When I arrived at REI I made a beeline for the backpacks, quickly got freaked out, and headed to the clothing section instead. Eventually I got up the nerve to ask someone for help with the backpacks, and I half expected the salesclerk to take one look at me and laugh or fear for my survival. But Andy simply grabbed two packs from the wall and started talking about the position of the bag on the iliac crest of the hip. I told him that I'm a yoga teacher, and I can at least follow along when it comes to anatomy.

He filled the backpacks with pillows and weights to mimic the load I'll be carrying and then taught me how to pick the bag up off the ground, position it on my knee, and swing it over one shoulder to put it on. I followed along, and much to my surprise I didn't fall over. After walking around the store and up and down many flights of stairs, he asked me how it felt.
Picture
"Good. I think. But I don't know how it's supposed to feel. Are you a backpacker?"

He looked me dead in the eye and said, "Backpacking is my sport."

Duly noted.

...

Several months ago I bought a one-way ticket to Barcelona, where I'll meet my family over Thanksgiving, followed by a one-way ticket from Florence to Bangalore. I spent hours scouring various websites for the best deals on airfare, but in retrospect that was all fun and games.

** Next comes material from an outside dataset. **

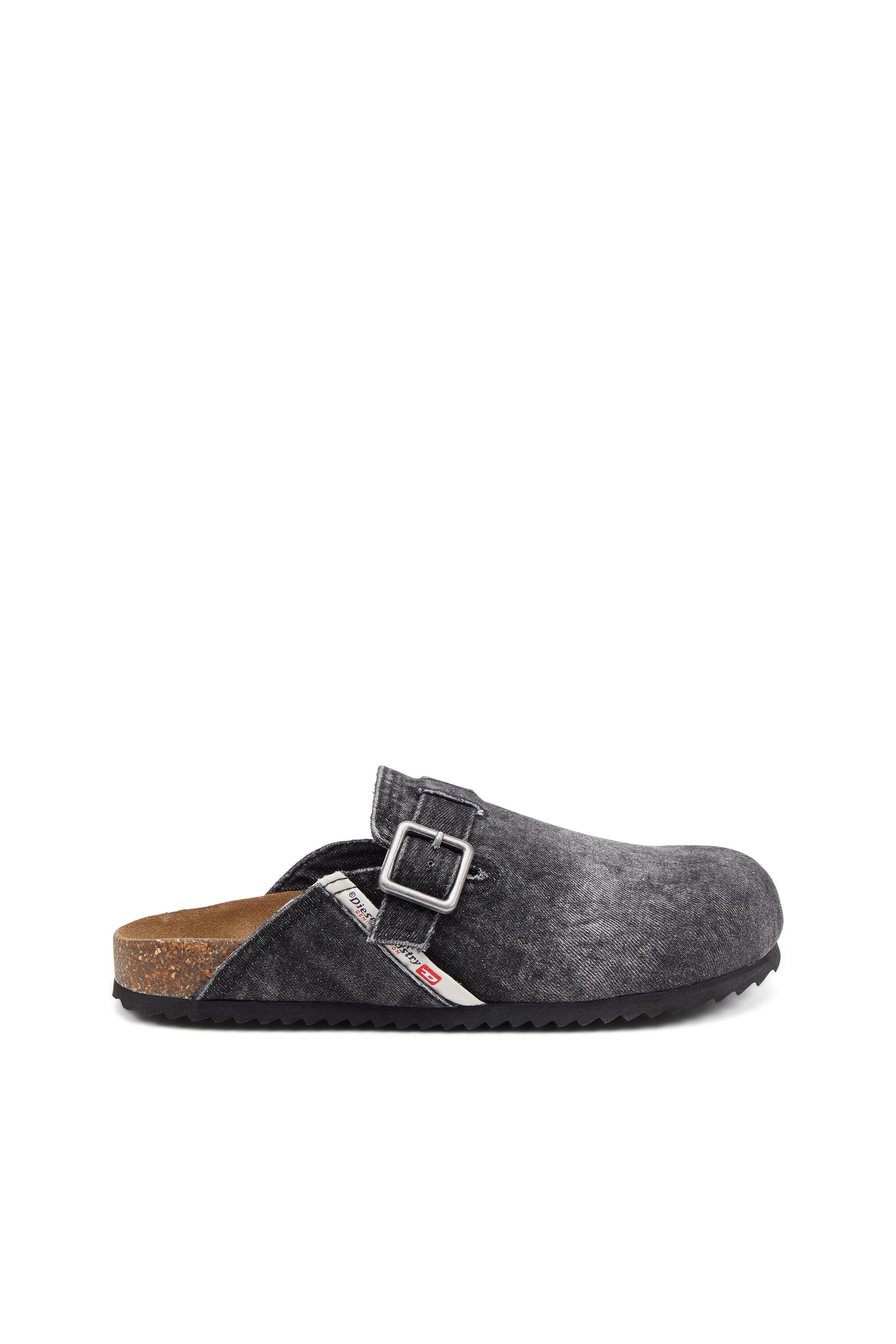 Diesel - D-WOODSTOCK X, Male's D-Woodstock-Mules in faded denim in ブラック - 2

Now I sit with two-dozen Internet browser windows open, and I research travel insurance and travel safes and underwear that you can keep your passport and credit cards zipped into. I learn about vaccines and Japanese encephalitis. I read other yogis' packing lists, and my favorite suggestion is:

"Bring 5 yoga outfits you don't like. In fact, don't bring anything you like to India."

For several weeks I've been trying to secure my Indian visa, and a couple nights ago I was on the phone with someone in India again. I called, as usual, around midnight in LA to account for the 13.5-hour time difference and the operating hours of the institute where I'm studying. This time I spoke to three different people, and the last one assured me that I would receive an email with a photocopy of the document I need by today. I'm acutely aware of when the day ends in India, and it ended with no email.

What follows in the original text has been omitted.